The most important takeaway from recent efforts to reshape our health-care system is that “loss aversion” is probably the central force in health-care politics. That’s the well-established tendency of people to value something they have far more than they might value whatever they might gain if they give it up. This is one big reason that Democrats were shellacked after passing the Affordable Care Act (ACA) in 2010, and Republicans are now learning the hard way that this fear of loss cuts both ways…

Under the current Medicare-for-All proposals, we would be forcing over 70 percent of the adult population—including tens of millions of people who have decent coverage from their employer or their union, or the Veteran’s Administration, or the Federal Employees Health Benefits Program—to give up their current insurance for Medicare. Many employer-provided policies cover more than Medicare does, so a lot of people would objectively lose out in the deal… [emphases mine]

There’s a common perception that because single-payer systems cost so much less than ours, passing such a scheme here would bring our spending in line with what the rest of the developed world shells out. But while there would be some savings on administrative costs, this gets the causal relationship wrong. Everyone else established their systems when they weren’t spending a lot on health care, and then kept prices down through aggressive cost-controls.

“Bringing costs down is a lot harder than starting low and keeping them from getting high,” says Baker. “We do waste money on [private] insurance, but we also pay basically twice as much for everything. We pay twice as much to doctors. Would single-payer get our doctors to accept half as much in wages? It could, but they won’t go there without a fight…

Rather than making Medicare-for-All a litmus test, we should start from the broader principle that comprehensive health care is a human right that should be guaranteed by the government—make that the litmus test—and then have an open debate about how best to get there. Maybe Medicaid is a better vehicle. Perhaps a long phase-in period to Medicare-for-All might help minimize the inevitable shocks. There are lots of ways to skin this cat.

Okay, that’s a lot of excerpts, but, seriously, read the whole thing– so many good and important points.

We can absolutely get to genuine, universal health care, but it will be hard work and just how we go about doing this is super-important.  Time to have serious conversations and debates about how we actually in the real political world move to a system of basic, affordable health care for all Americans.

About Steve Greene
Professor of Political Science at NC State

One Response to The reality of single-payer healthcare in America

  1. Mike in Chapel Hill says:

    The healthcare “costs” to taxpayers and employers are “revenue” to hospitals, medical device manufacturers, drug companies, and so on. Every effort to reduce costs will be met with aggressive, well-funded, and well-organized opposition from the stakeholders who will lose revenue. The cost-control efforts will be characterized as socialism, communism, big government, death panels, rationing, etc. That’s just the PR spin. The big money will be flowing to members of Congress who will buckle under the pressure.

    Furthermore, as long as money is pouring into the health care system the costs will not go down. It’s basic economics — if the provision of health care is defined as a right and costs will be paid by Uncle Sam in perpetuity then there is no pressure for suppliers to cut prices.

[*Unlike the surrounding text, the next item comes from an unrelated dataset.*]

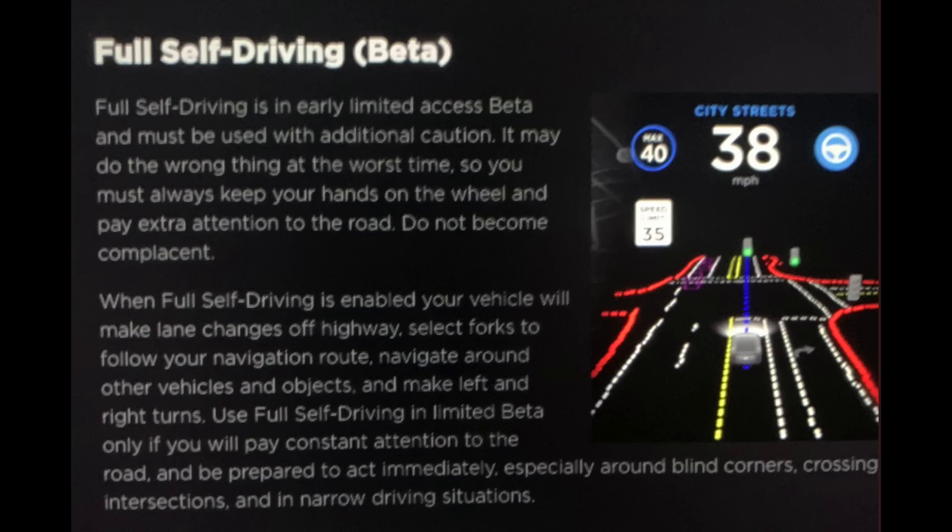This says: full self-driving is an early limited access beta and must be used with additional caution. It may do the wrong thing at the worst time, so you must always keep your hands on the wheel and pay extra attention to the road. Do not become complacent or fall asleep. When full self-driving is enabled, your vehicle will make lane changes off highway, select forks to follow your navigation route, navigate around other vehicles and objects, and make left and right turns. Use full self-driving in limited beta only if you will pay constant attention to the road and be prepared to act immediately, especially around blind corners, crossing intersections, and in narrow driving situations.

    There is some economic logic to the Republican plans to drastically curtail spending on health care. If the medical-industrial knows that the pool of money available for spending is x next year and only x + 3% every year after that, and if they want to continue to sell drugs and medical devices and surgery, then they will need to find a way to reduce their prices to meet the supply. This scheme works only if the expectation for the availability of money is firmly defined and enforced.